Também António Guerreiro, agricultor de 74 anos, que, devido à falta de água, teve de dividir o rebanho de 1.100 ovelhas por três montes, também em Castro Verde, diz à Lusa que não se lembra de “uma seca tão grande” e de um ano “tão complicado” para matar a sede ao gado.

“Há anos em que chove mais e outros menos, mas se não houver água neste poço, há noutro e a gente vai-se governando, mas uma coisa assim não me lembro”, conta.

Para dar de beber às ovelhas que pastam no Monte do Almarginho, onde duas barragens e um poço já secaram, António Guerreiro teve de “pedir ajuda” aos Bombeiros de Castro Verde, que lhe depositaram 20 mil litros de água no poço, o que custou 200 euros.

Em breve, o resto do rebanho terá de vir para o Almarginho, porque está a ficar sem água nos outros montes, e “depois vamos ver” como será para conseguir água para 1.100 ovelhas, diz António Guerreiro, referindo que está “aflito” com “tanto trabalho e tanta despesa” e sem ter para onde “empurrar” o gado para beber.

No Monte da Amendoeira, ainda em Castro Verde, Diamantino Rafael, de 64 anos, já vendeu as vacas que tinha, porque “o bicho vaca bebe mais água”.

Agora, “tenho 300 ovelhas, que bebem menos água, mas mesmo assim à rasca estou, porque tenho três poços, que não têm água”, diz Diamantino, que para dar de beber ao gado tem que percorrer 14 quilómetros, dia sim, dia não, para ir a uma ribeira buscar água numa cisterna móvel.

“Já há quatro meses que ando neste fadário, a carregar água para aguentar esta barra”, desabafa Diamantino.

No Monte das Sorraias, também na zona do Campo Branco, a nascente que matava a sede às 100 vacas de António Lúcio, de 55 anos, está quase seca e só já tem algumas poças de água, que já não serve para gado.

Para dar de beber às vacas, António Lúcio tem que percorrer, dia sim, dia não, seis quilómetros para ir buscar água numa cisterna móvel a um furo.

“Tenho esperança de que o furo vá aguentando, pelo menos nesta fase de mais calor”, diz António Lúcio, referindo que os agricultores estão “desesperados” com a falta de água para o gado.

José da Luz lembra que a AACB, no âmbito de um programa de apoio ao abeberamento de gado dos sócios, abriu furos, construiu açudes em ribeiras para reter água e comprou 30 cisternas móveis para os agricultores transportarem água em tempos de seca.

“Temos combatido um pouco o problema com estas medidas” e recorrendo a bombeiros para transportar água, mas, atualmente, “a situação é grave”, frisa José da Luz, indicando que alguns açudes, como o de Entradas, secaram, e as cisternas não chegam para as necessidades.

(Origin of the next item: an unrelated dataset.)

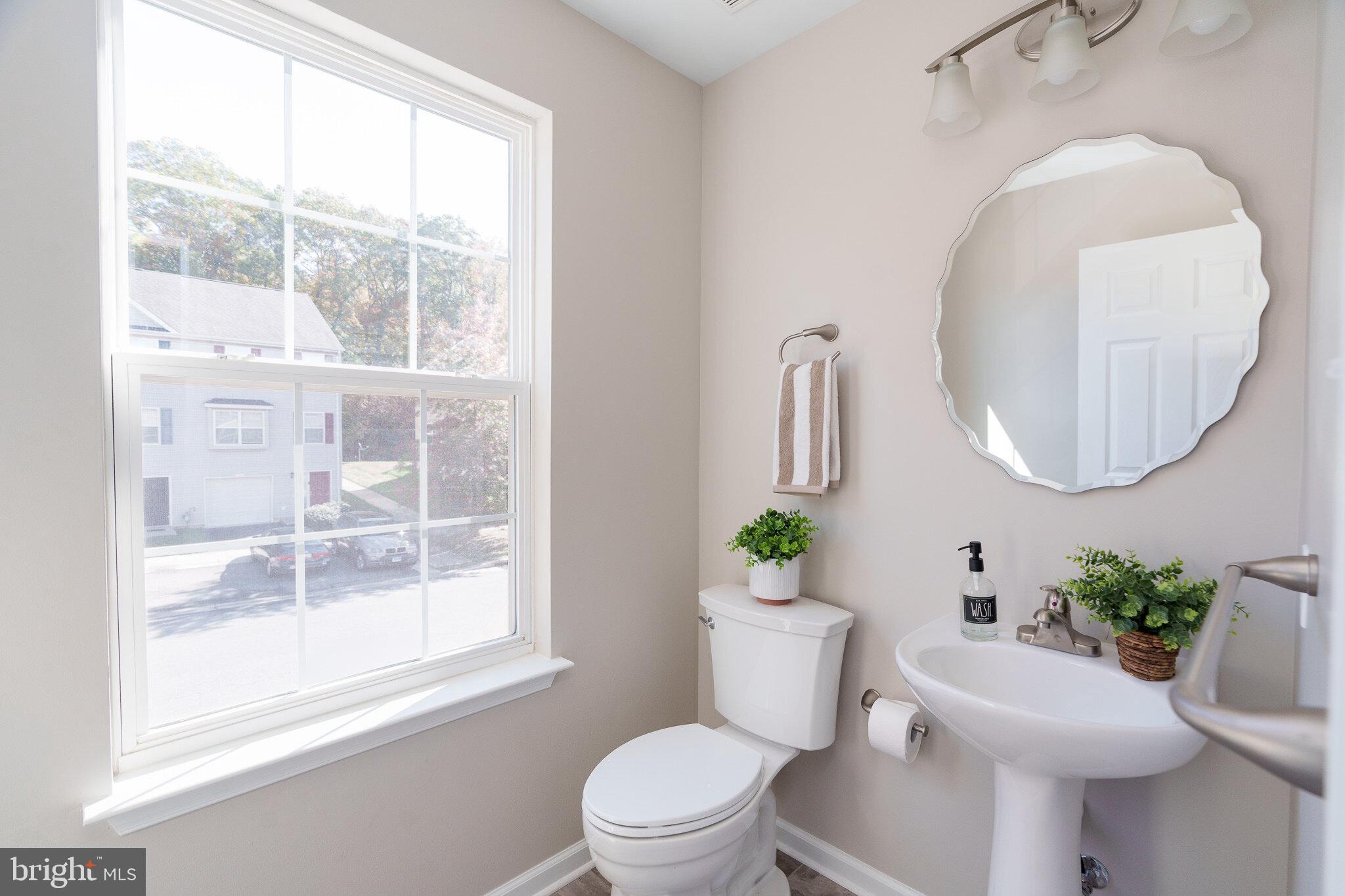 RED HILL - Residential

A AACB já fez um acordo com os Bombeiros de Castro Verde para abastecerem as explorações com “necessidade muito urgente de água” a preços “mais em conta, atendendo à situação tão grave”, e vai falar com outras corporações do Campo Branco para que também “possam acudir aos agricultores em caso de urgência”.

A situação já levou a Federação das Associações de Agricultores do Baixo Alentejo (FAABA) a pedir ajuda ao ministro da Agricultura, Luís Capoulas Santos, que se mostrou disponível para lançar uma medida de apoio a pequenos investimentos nas explorações agrícolas, como a abertura de furos de água.

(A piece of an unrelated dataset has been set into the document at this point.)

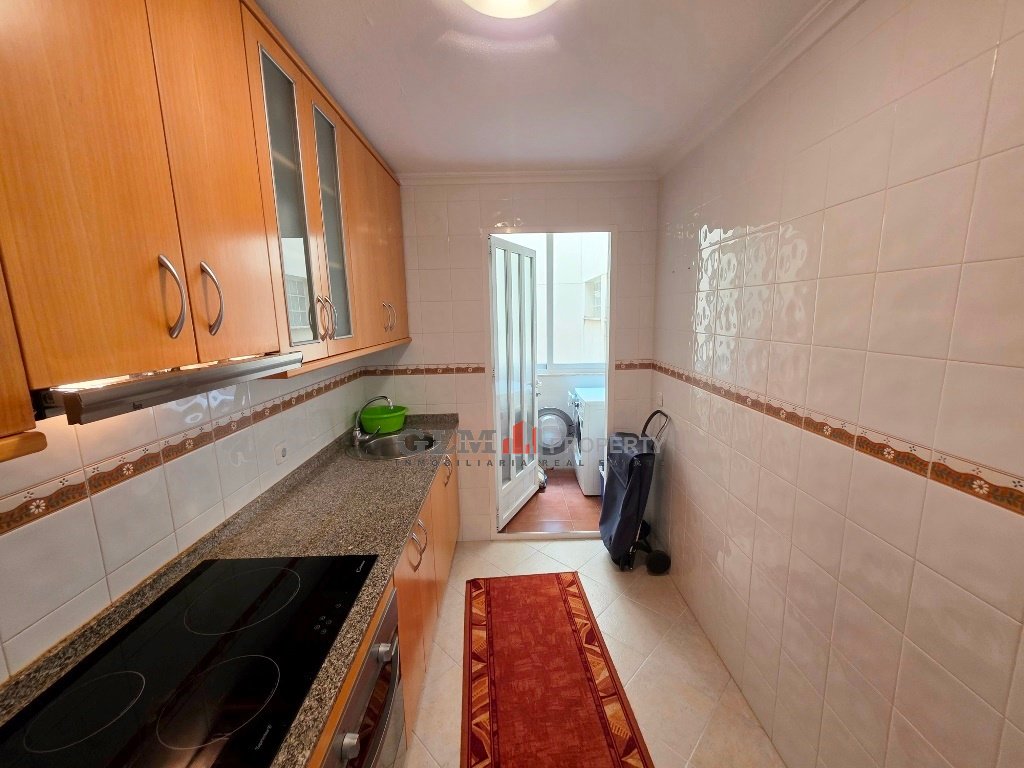 Apartament w Los Alcazares, Murcia, Hiszpania 3 sypialnie,  nr 193455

“O que está em causa agora é poder abrir furos, arranjar alguma água onde quer que esteja”, explica à Lusa o presidente da FAABA, Rui Garrido, salientando que se trata de “ajudas relativamente pequenas”.

No entanto, observa, “parece que há dificuldade em colocar a medida no terreno”, e, se não for possível aplicá-la, aponta-se para “ser decretado o estado de calamidade na zona e por aí haver uma ajuda”.

Aos agricultores resta aguentarem-se como podem e esperarem pela tão desejada chuva e por alguma ajuda do Governo.

“Para repor o que falta de água, é preciso vir uma invernada daquelas que tudo tem de transbordar. Esperamos que ela venha, venha a água que vier, mas que venha rapidamente, porque só assim se pode ter alguma esperança”, remata José da Luz.